Last Updated:Aug 14, 2024

You can call the CreateSearchIndex operation to create one or more search indexes for a data table. When you create a search index, you can add the fields that you want to query to the search index and configure advanced settings for the search index. For example, you can configure the routing key and presorting settings.

Prerequisites

  • An OTSClient instance is initialized. For more information, see Initialize an OTSClient instance.

  • A data table for which the max_version parameter is set to 1 is created. One of the following conditions must be met by the time_to_live parameter of the data table. For more information, see Create a data table.

    • The time_to_live parameter of the data table is set to -1, which specifies that the data in the data table never expires.

    • The time_to_live parameter of the data table is set to a value other than -1, and update operations on the data table are prohibited.

Usage notes

  • The data types of fields in a search index must match the data types of fields in the data table for which the search index is created. For more information, see Data type mappings.

  • To specify a value other than -1 for the time_to_live parameter of a search index, you must disable the UpdateRow operation on the data table for which the search index is created. The value of the time_to_live parameter for the search index must be less than or equal to the value of the time_to_live parameter for the data table. For more information, see TTL of search indexes.

Parameters

When you create a search index, you must configure the table_name, index_name, and schema parameters. You must also configure the field_schemas, index_setting, and index_sort parameters in schema.
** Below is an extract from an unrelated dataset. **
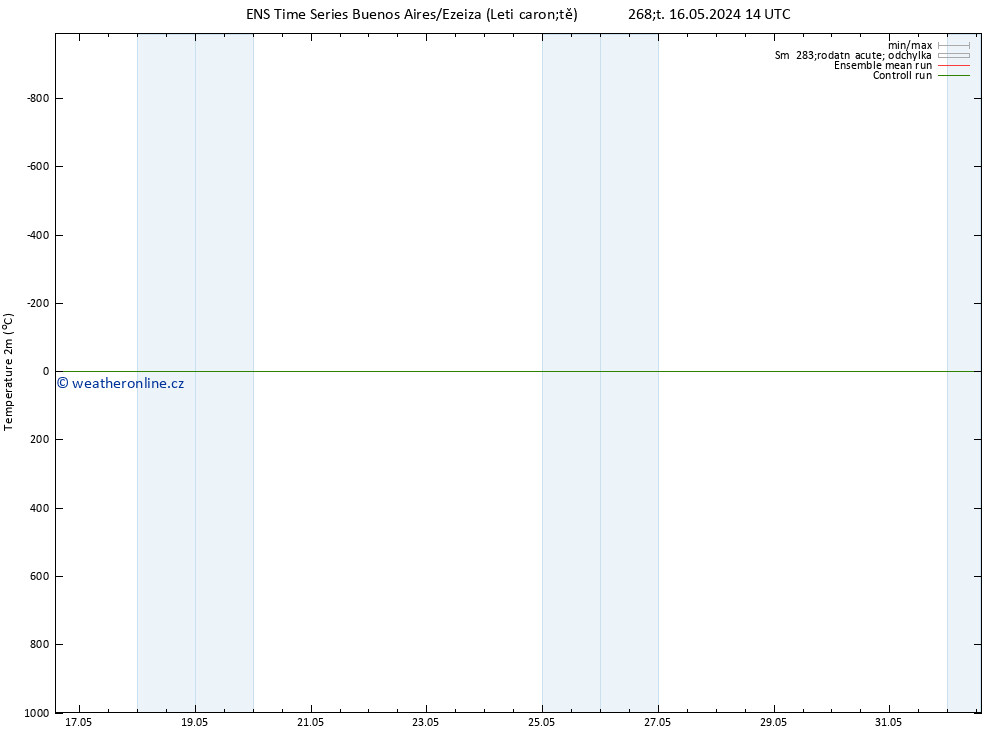 Temperature (2m) GEFS TS Čt 23.05.2024 20 UTC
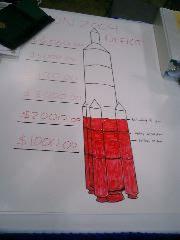 Clarion fundraising thermometer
The following table describes the parameters.

Parameter

Description

table_name

The name of the data table.

index_name

The name of the search index.

field_schemas

The list of field schemas. You can configure the following parameters for each field schema:

  • field_name: required. This parameter specifies the name of the field in the search index. The value is used as the column name. Type: String.

    A column in a search index can be a primary key column or an attribute column.

  • field_type: required. This parameter specifies the type of the field. Specify the type in the FieldType.XXX format. For more information, see Data type mappings.

  • is_array: optional. This parameter specifies whether the value is an array. Type: Boolean.

    If you set this parameter to true, the column stores data as an array. Data written to the column must be a JSON array. Example: ["a","b","c"].

    Nested values are an array. If you set field_type to Nested, skip this parameter.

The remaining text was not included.